En cette journée ensoleillée du jeudi 02 mars, dans le quai de pêche de Soumbédioune, plusieurs pirogues attendent le long de la plage. Autour d’un canoé qui vient d’accoster, un groupe de pêcheurs est en pleine discussion. Aliou Gaye, un d’entre eux, se plaint de la situation actuelle de leur activité. « La pêche ne nous apporte plus rien. Il n’y a plus de poissons dans la mer. Les bateaux étrangers épuisent les ressources halieutiques devant le regard complice de nos autorités », regrette-t-il en étalant son cirage marin sur la bordure d’une pirogue. A quelques encablures, debout face à la mer, les mains dans le dos, Abdoulaye Diop guette une pirogue, celle de ses enfants partis en mer. Le sexagénaire confirme les propos d’Aliou Gaye. « Je ne pêche plus, ce sont mes enfants qui vont en mer. Mais les époques sont très différentes. A notre époque, nous n’avions pas besoin de faire une centaine de kilomètres pour remplir nos pirogues. Aujourd’hui, les pêcheurs font des jours en mer et parfois ils reviennent bredouilles ». Pour M. Diop, cette situation « regrettable » est due aux changements climatiques, mais aussi et surtout à la surpêche, avec l’octroi de licences de pêche par l’Etat du Sénégal aux gros chalutiers étrangers. Il appelle l’Etat à penser aux acteurs de la pêche artisanale et réduire le nombre de licences qu’il octroie aux industriels. A quelques mètres, Pape Sy et son camarade sont assis sur une pirogue. Pour le jeune pêcheur, avec la chaleur qui s’annonce, la situation pourrait bientôt changer. « Ces derniers temps, avec la fraicheur, la situation est devenue plus compliquée. Le poisson est introuvable », confie le pêcheur âgé d’une vingtaine d’années. Avant de continuer : « On espère que les choses vont bientôt changer, car la chaleur s’annonce déjà ». un brin d’espoir dans un océan de marasme de la ressource.
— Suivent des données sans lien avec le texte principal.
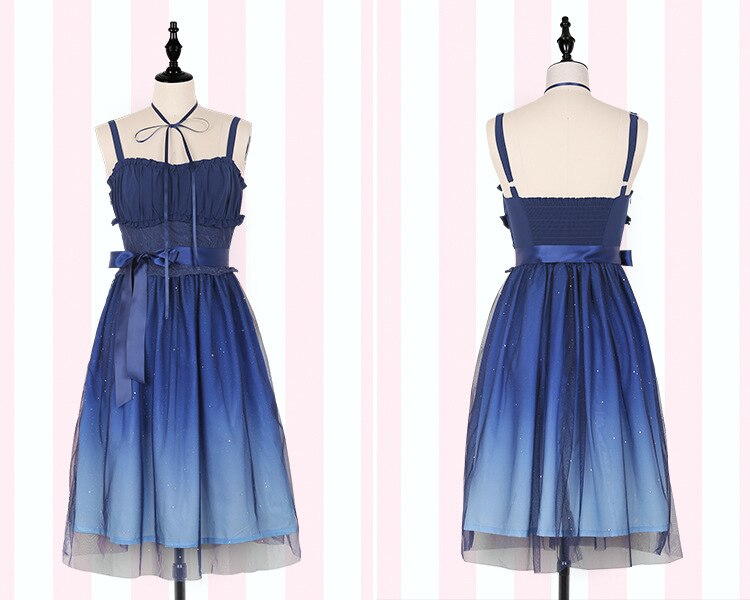 Lolita robe robe japonaise Kawaii femmes ciel étoilé dégradé bleu jarretelle en mousseline de soie robe de fée fille printemps doux Lolita SL2927: short dress / M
« Le prix du poisson est élevé »
Si les pêcheurs se plaignent de la raréfaction des poissons, les consommateurs eux, regrettent les prix élevés de ces derniers. « D’habitude c’est au marché Tilène que je partais pour avoir du poisson, mais depuis un certain temps, pour avoir du poisson frais, je préfère venir ici. Cependant, je pense arrêter d’y venir parce que le poisson est trop cher ici », se plaint Ndèye Ba, habitante du quartier Gueule Tapée. Selon Baye Mor, pêcheur, c’est normal que les prix des poissons connaissent une hausse. « On achète du carburant pour aller en mer. Et avec la raréfaction des poissons, on fait beaucoup de kilomètres pour capturer une petite quantité. On est dans l’obligation de vendre à un prix assez élevé pour s’en sortir », argue le trentenaire.
Avec 720 km de côtes, le Sénégal est l’un des pays les plus poissonneux d’Afrique. La pêche artisanale a toujours été une activité porteuse pour les pêcheurs et les consommateurs du pays. Mais aujourd’hui, sous l’effet combiné de la surpêche et du changement climatique, les poissons se raréfient d’une manière impressionnante, plongeant les acteurs dans le désarroi.